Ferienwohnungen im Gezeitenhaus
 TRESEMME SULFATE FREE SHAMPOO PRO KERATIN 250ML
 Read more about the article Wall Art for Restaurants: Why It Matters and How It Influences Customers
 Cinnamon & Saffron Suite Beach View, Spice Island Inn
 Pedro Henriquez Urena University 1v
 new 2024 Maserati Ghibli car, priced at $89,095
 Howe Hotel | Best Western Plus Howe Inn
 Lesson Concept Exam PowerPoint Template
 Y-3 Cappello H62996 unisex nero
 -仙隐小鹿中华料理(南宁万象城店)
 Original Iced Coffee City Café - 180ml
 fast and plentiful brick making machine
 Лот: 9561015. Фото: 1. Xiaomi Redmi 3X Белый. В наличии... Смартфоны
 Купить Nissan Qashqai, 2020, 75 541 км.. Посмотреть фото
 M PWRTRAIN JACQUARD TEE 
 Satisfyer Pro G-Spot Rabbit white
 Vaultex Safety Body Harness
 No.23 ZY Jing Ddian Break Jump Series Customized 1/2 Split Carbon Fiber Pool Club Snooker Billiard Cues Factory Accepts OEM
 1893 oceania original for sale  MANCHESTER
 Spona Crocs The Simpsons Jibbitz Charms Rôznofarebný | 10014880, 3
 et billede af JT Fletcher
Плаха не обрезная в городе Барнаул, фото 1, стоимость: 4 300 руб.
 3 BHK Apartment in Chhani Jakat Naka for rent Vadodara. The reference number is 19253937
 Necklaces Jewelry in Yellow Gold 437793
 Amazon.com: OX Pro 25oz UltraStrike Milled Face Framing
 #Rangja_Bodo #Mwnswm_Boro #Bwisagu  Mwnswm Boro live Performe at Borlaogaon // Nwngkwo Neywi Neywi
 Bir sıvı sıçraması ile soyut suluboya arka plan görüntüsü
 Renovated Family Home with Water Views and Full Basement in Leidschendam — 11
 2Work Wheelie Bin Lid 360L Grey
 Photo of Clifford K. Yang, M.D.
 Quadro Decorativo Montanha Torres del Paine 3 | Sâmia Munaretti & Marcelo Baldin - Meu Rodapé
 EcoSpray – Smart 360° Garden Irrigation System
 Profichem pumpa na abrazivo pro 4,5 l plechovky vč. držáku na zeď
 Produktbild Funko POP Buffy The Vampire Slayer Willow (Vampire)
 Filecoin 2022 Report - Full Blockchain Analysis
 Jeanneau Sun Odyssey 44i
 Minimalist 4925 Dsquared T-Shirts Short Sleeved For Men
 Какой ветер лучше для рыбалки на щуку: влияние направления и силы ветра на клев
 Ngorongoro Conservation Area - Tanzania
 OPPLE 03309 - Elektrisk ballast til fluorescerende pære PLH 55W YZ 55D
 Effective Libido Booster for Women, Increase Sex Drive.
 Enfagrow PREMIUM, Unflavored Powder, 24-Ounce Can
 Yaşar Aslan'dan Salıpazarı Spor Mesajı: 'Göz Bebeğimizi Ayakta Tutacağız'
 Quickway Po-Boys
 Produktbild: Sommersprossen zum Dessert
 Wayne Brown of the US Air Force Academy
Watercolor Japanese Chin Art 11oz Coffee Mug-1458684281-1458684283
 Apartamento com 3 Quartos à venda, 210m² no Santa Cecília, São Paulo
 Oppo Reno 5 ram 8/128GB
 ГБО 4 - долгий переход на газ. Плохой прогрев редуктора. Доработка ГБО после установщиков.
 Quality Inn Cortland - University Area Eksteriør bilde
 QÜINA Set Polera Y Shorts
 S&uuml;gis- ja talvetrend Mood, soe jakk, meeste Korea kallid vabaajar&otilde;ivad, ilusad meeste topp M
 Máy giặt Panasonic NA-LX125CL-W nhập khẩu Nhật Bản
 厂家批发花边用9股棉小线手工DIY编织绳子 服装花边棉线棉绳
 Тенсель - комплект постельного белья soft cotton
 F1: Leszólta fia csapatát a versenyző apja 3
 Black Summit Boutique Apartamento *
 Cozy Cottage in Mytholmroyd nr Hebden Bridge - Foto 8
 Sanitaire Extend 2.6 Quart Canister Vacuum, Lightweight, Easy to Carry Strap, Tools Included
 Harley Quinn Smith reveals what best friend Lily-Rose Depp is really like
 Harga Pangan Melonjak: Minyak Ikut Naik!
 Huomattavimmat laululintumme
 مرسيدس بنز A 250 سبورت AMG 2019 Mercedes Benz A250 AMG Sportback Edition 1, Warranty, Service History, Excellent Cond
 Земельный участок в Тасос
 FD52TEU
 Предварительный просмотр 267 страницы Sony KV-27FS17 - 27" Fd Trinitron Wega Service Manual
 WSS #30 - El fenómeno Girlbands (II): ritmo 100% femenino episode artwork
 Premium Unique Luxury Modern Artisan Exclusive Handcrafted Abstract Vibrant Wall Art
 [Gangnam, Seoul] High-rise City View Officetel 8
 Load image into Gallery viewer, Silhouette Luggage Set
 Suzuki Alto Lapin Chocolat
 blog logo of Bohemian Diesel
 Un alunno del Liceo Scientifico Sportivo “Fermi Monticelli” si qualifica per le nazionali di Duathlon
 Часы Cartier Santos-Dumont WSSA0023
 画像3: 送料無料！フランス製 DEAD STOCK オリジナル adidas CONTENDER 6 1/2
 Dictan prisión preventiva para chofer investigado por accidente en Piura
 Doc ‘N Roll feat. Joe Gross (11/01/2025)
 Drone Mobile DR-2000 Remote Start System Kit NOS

+ + + + + + +

• ABOUT THIS EXERCISE
From the first line to the last, please quote the material above exactly.

• SOLUTION FOR THIS PROBLEM
Ferienwohnungen im Gezeitenhaus
 TRESEMME SULFATE FREE SHAMPOO PRO KERATIN 250ML
 Read more about the article Wall Art for Restaurants: Why It Matters and How It Influences Customers
 Cinnamon & Saffron Suite Beach View, Spice Island Inn
 Pedro Henriquez Urena University 1v
 new 2024 Maserati Ghibli car, priced at $89,095
 Howe Hotel | Best Western Plus Howe Inn
 Lesson Concept Exam PowerPoint Template
 Y-3 Cappello H62996 unisex nero
 -仙隐小鹿中华料理(南宁万象城店)
 Original Iced Coffee City Café - 180ml
 fast and plentiful brick making machine
 Лот: 9561015. Фото: 1. Xiaomi Redmi 3X Белый. В наличии... Смартфоны
 Купить Nissan Qashqai, 2020, 75 541 км.. Посмотреть фото
 M PWRTRAIN JACQUARD TEE 
 Satisfyer Pro G-Spot Rabbit white
 Vaultex Safety Body Harness
 No.23 ZY Jing Ddian Break Jump Series Customized 1/2 Split Carbon Fiber Pool Club Snooker Billiard Cues Factory Accepts OEM
 1893 oceania original for sale  MANCHESTER
 Spona Crocs The Simpsons Jibbitz Charms Rôznofarebný | 10014880, 3
 et billede af JT Fletcher
Плаха не обрезная в городе Барнаул, фото 1, стоимость: 4 300 руб.
 3 BHK Apartment in Chhani Jakat Naka for rent Vadodara. The reference number is 19253937
 Necklaces Jewelry in Yellow Gold 437793
 Amazon.com: OX Pro 25oz UltraStrike Milled Face Framing
 #Rangja_Bodo #Mwnswm_Boro #Bwisagu  Mwnswm Boro live Performe at Borlaogaon // Nwngkwo Neywi Neywi
 Bir sıvı sıçraması ile soyut suluboya arka plan görüntüsü
 Renovated Family Home with Water Views and Full Basement in Leidschendam — 11
 2Work Wheelie Bin Lid 360L Grey
 Photo of Clifford K. Yang, M.D.
 Quadro Decorativo Montanha Torres del Paine 3 | Sâmia Munaretti & Marcelo Baldin - Meu Rodapé
 EcoSpray – Smart 360° Garden Irrigation System
 Profichem pumpa na abrazivo pro 4,5 l plechovky vč. držáku na zeď
 Produktbild Funko POP Buffy The Vampire Slayer Willow (Vampire)
 Filecoin 2022 Report - Full Blockchain Analysis
 Jeanneau Sun Odyssey 44i
 Minimalist 4925 Dsquared T-Shirts Short Sleeved For Men
 Какой ветер лучше для рыбалки на щуку: влияние направления и силы ветра на клев
 Ngorongoro Conservation Area - Tanzania
 OPPLE 03309 - Elektrisk ballast til fluorescerende pære PLH 55W YZ 55D
 Effective Libido Booster for Women, Increase Sex Drive.
 Enfagrow PREMIUM, Unflavored Powder, 24-Ounce Can
 Yaşar Aslan'dan Salıpazarı Spor Mesajı: 'Göz Bebeğimizi Ayakta Tutacağız'
 Quickway Po-Boys
 Produktbild: Sommersprossen zum Dessert
 Wayne Brown of the US Air Force Academy
Watercolor Japanese Chin Art 11oz Coffee Mug-1458684281-1458684283
 Apartamento com 3 Quartos à venda, 210m² no Santa Cecília, São Paulo
 Oppo Reno 5 ram 8/128GB
 ГБО 4 - долгий переход на газ. Плохой прогрев редуктора. Доработка ГБО после установщиков.
 Quality Inn Cortland - University Area Eksteriør bilde
 QÜINA Set Polera Y Shorts
 S&uuml;gis- ja talvetrend Mood, soe jakk, meeste Korea kallid vabaajar&otilde;ivad, ilusad meeste topp M
 Máy giặt Panasonic NA-LX125CL-W nhập khẩu Nhật Bản
 厂家批发花边用9股棉小线手工DIY编织绳子 服装花边棉线棉绳
 Тенсель - комплект постельного белья soft cotton
 F1: Leszólta fia csapatát a versenyző apja 3
 Black Summit Boutique Apartamento *
 Cozy Cottage in Mytholmroyd nr Hebden Bridge - Foto 8
 Sanitaire Extend 2.6 Quart Canister Vacuum, Lightweight, Easy to Carry Strap, Tools Included
 Harley Quinn Smith reveals what best friend Lily-Rose Depp is really like
 Harga Pangan Melonjak: Minyak Ikut Naik!
 Huomattavimmat laululintumme
 مرسيدس بنز A 250 سبورت AMG 2019 Mercedes Benz A250 AMG Sportback Edition 1, Warranty, Service History, Excellent Cond
 Земельный участок в Тасос
 FD52TEU
 Предварительный просмотр 267 страницы Sony KV-27FS17 - 27" Fd Trinitron Wega Service Manual
 WSS #30 - El fenómeno Girlbands (II): ritmo 100% femenino episode artwork
 Premium Unique Luxury Modern Artisan Exclusive Handcrafted Abstract Vibrant Wall Art
 [Gangnam, Seoul] High-rise City View Officetel 8
 Load image into Gallery viewer, Silhouette Luggage Set
 Suzuki Alto Lapin Chocolat
 blog logo of Bohemian Diesel
 Un alunno del Liceo Scientifico Sportivo “Fermi Monticelli” si qualifica per le nazionali di Duathlon
 Часы Cartier Santos-Dumont WSSA0023
 画像3: 送料無料！フランス製 DEAD STOCK オリジナル adidas CONTENDER 6 1/2
 Dictan prisión preventiva para chofer investigado por accidente en Piura
 Doc ‘N Roll feat. Joe Gross (11/01/2025)
 Drone Mobile DR-2000 Remote Start System Kit NOS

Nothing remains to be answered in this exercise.